В тот вечер мы вернулись в «Феармайл» после моего матча, и снова играли в карты. В последнее утро перед возвращением в Англию, Пиви метнулся в свой отель за чемоданом и был поражен, когда ему вручили счет на 120 фунтов. «Вы не можете предъявить мне счет на такую сумму, я оставался у вас лишь одну ночь и ни разу не завтракал!» – запротестовал он.
«У нас от клиентов не было отбоя, – настаивала владелица. – Мы могли бы сдать вашу комнату три раза, если бы клиенты знали, что вас нет».
Вокруг не было ни малейшего признака других гостей, а когда Пиви украдкой бросил взгляд на регистрационный журнал, оказалось, что в нем пусто. Но хозяева лишь пожали плечами в ответ.
Когда мы уже собирались отправиться домой в Англию, каким-то непонятным образом мы очутились отеле «Бернс» прямо в разгаре Irish musical awards. Мы немного посидели в баре. Шум вокруг становился все громче и вскоре я вышел, решив позаимствовать один из лимузинов на стоянке. Неторопливо подойдя к водителю, я спросил: «Привет, приятель, можешь подбросить нас назад к отелю?». Я понятия не имел, что я нес, так как мы уже выписались из гостиницы, и не представлял, куда мы поедем, но в тот момент идея казалась хорошей.
«Ну, у меня есть полчаса свободного времени, – ответил водитель. Этот приятный молодой человек в форменном кепи, который бродил рядом с машиной, выглядел скучающим до смерти.
«Спасибо. – Пиви и еще пара ребят забрались в салон, и я спросил: – Кстати, а чья это тачка?»
«А-ХА», – ответил водитель. Я подумал, что он имел в виду что-то вроде «Аха, сам догадайся». Но он говорил о группе с таким названием. Я запрыгнул на переднее сиденье рядом с водителем, мои приятели назад. Кузов был, наверное, длиной в милю, с затемненными окнами, и снаружи и внутри – чистое совершенство. И вот мы медленно тронулись, по направлению к каким-то большим воротам. Внезапно нас окружила тысяча визжащих фанатов. Они не знали, кто мы, но думали, что какие-то звезды, поэтому вопили все равно.

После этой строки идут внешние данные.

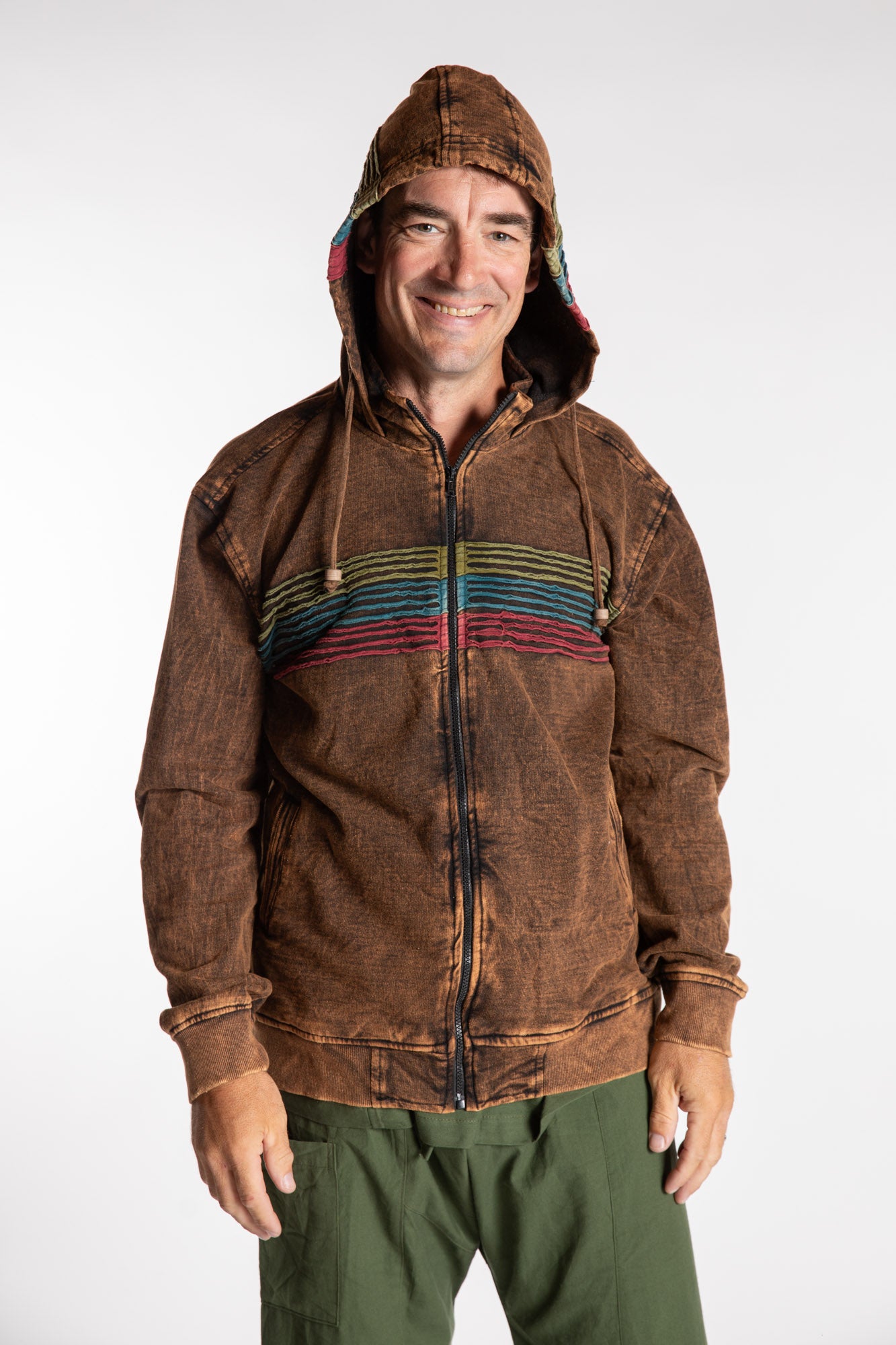 Topher is wearing the Sepia Sathi Stripe Zip Hoodie in XL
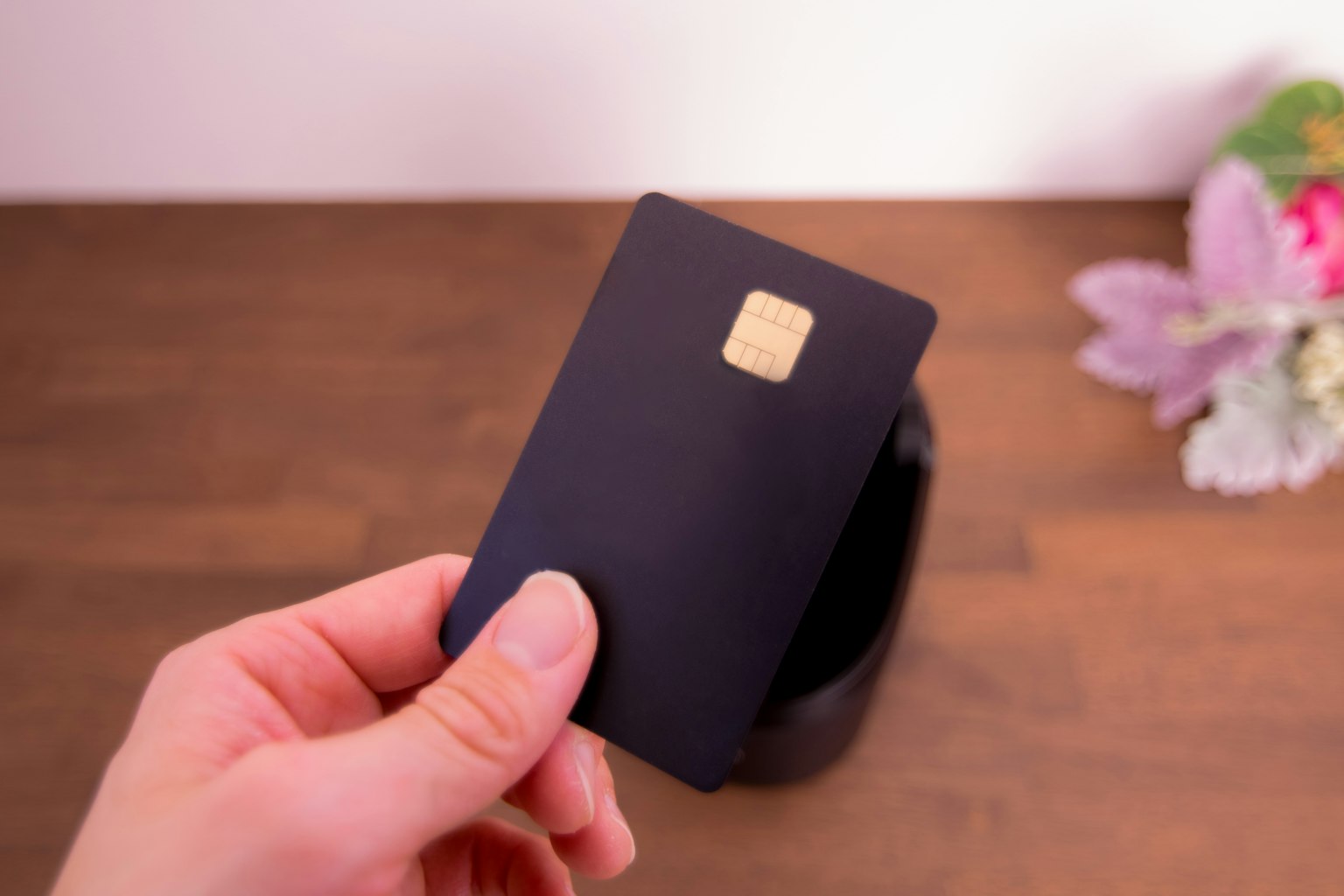 Une carte noire tenue à la main avec un fond fleuri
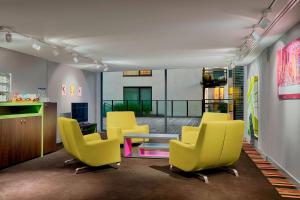 布鲁塞尔布鲁塞尔舒曼雅乐轩酒店的一间设有黄色椅子和桌子的等候室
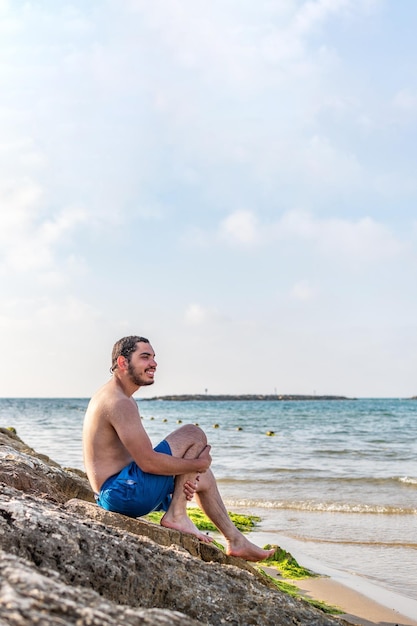 Homem sentado na rocha apreciando a vista para o mar viagens férias turismo ecológico ao ar livre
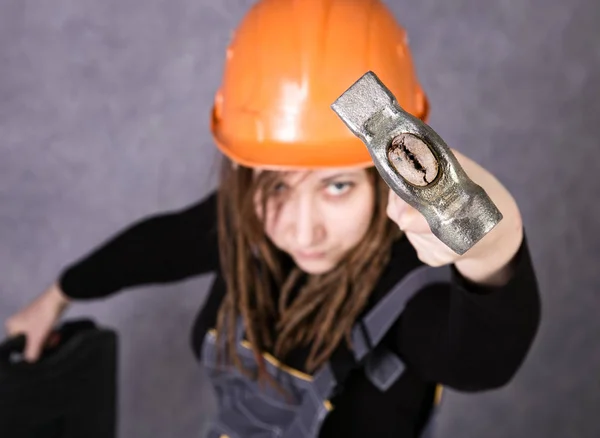 Niña en casco de seguridad chaleco naranja que sostiene la herramienta de martillo — Foto de Stock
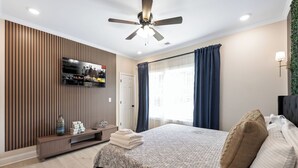 Ein modernes Schlafzimmer mit Bett, Deckenventilator, montiertem Fernseher und einem Fenster mit Vorhängen.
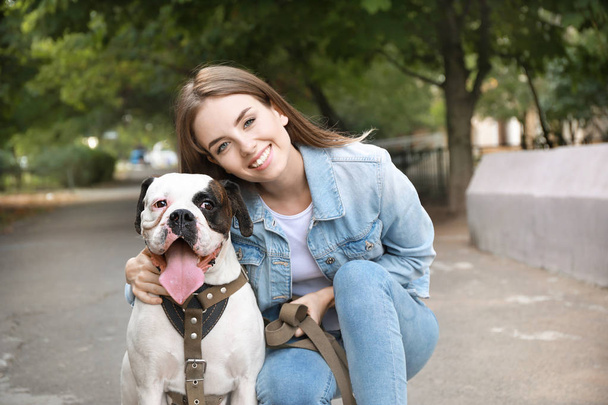 Young woman with cute dog in park - Фото, изображение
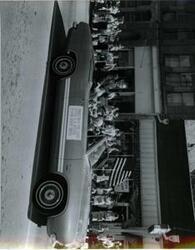 ["Carl Albert, Captain R. M. Hanson, and Mayor Harry Owens shown in a car during a parade in McAlester, Oklahoma on Armed Forces Day. 1968"]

В общем, на этой волне мы оказались на церемонии. Я узнал Криса де Бура и еще кого-то. Но большую часть времени я спрашивал у других: «Кто это? А это? А то?». Мерцали вспышки, фанаты кричали.
Это было весело, но в следующем году вышло еще лучше. Я удержал свой титул и заработал 20000 фунтов благодаря победе над Вилли Торном 9:5 и отпраздновал это в крохотном пабе с отцом. Мы травили с местными бесконечные байки. Час проходил за часом, понятное дело, кто-то валился под стол, кто-то засыпал возле очага, рядом с домашней свинкой, но выпивка продолжала литься рекой, а историям не было ни конца, ни края.
Когда мы возвращались назад в Фишгард на лодке, папа все рассказывал анекдоты. Он умел это как никто. Вот это было настоящее веселье!
* Питер Эдвард Кук — британский актёр, сценарист, артист разговорного жанра.
**Desert Orchid (Орхидея пустыни) – известный как Десси, беговая лошадь, безумно любимая фанатами скачек за свой стиль бега. считается одной из величайших лошадей всех времен.